Work to be completed → Pictures appear among the records below and must be omitted. Repeat exactly the lines from the line with "Yugioh Dragonmaid Lorpar" to the line with "Love Tree Tan", both included.

Exercise input →
====================
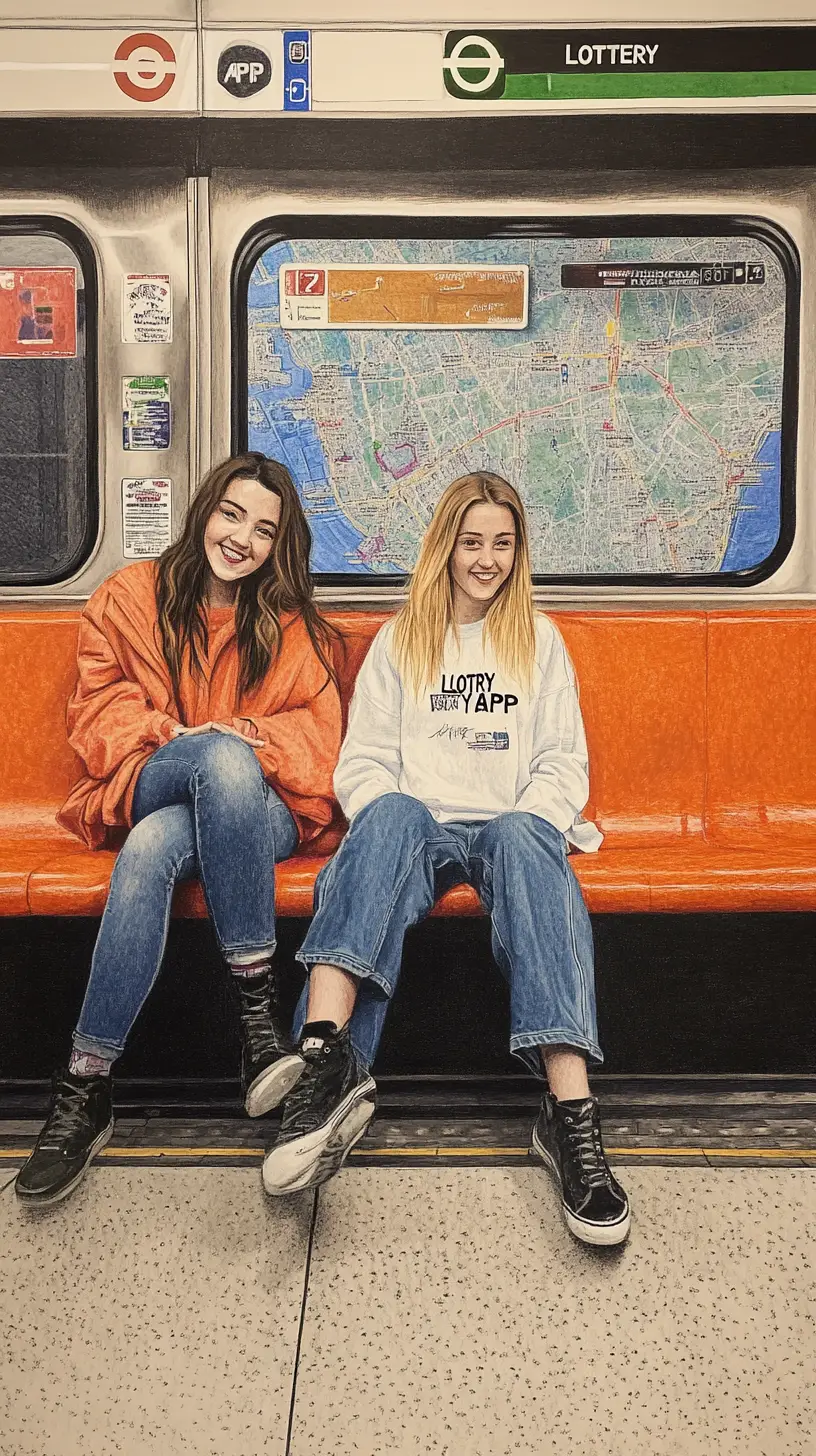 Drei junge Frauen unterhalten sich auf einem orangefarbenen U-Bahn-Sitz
====================
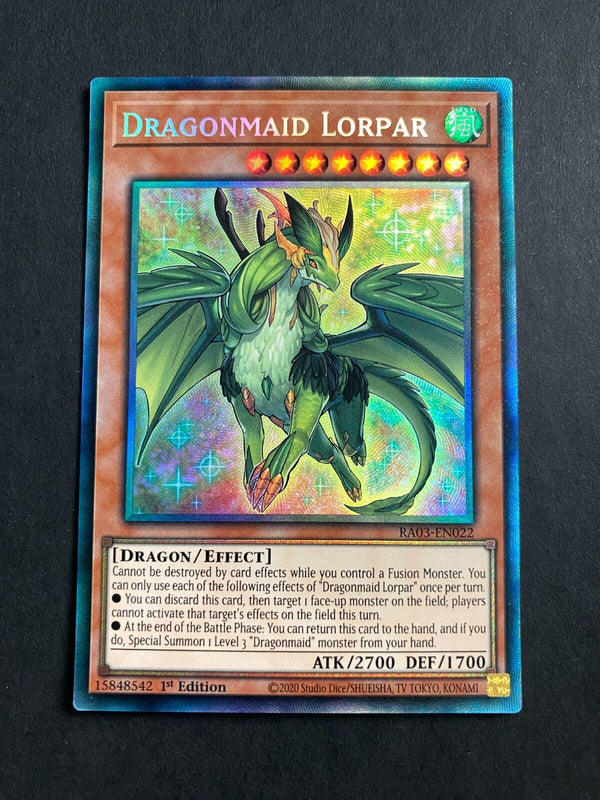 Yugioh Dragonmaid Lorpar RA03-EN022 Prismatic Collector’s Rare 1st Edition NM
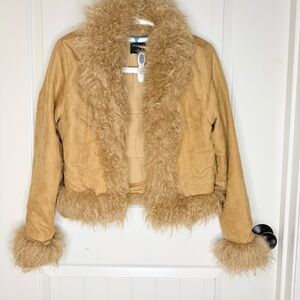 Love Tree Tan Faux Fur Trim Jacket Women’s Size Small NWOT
====================
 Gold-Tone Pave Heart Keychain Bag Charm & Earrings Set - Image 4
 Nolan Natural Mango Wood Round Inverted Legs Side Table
====================
Problem solution →
 Yugioh Dragonmaid Lorpar RA03-EN022 Prismatic Collector’s Rare 1st Edition NM
 Love Tree Tan Faux Fur Trim Jacket Women’s Size Small NWOT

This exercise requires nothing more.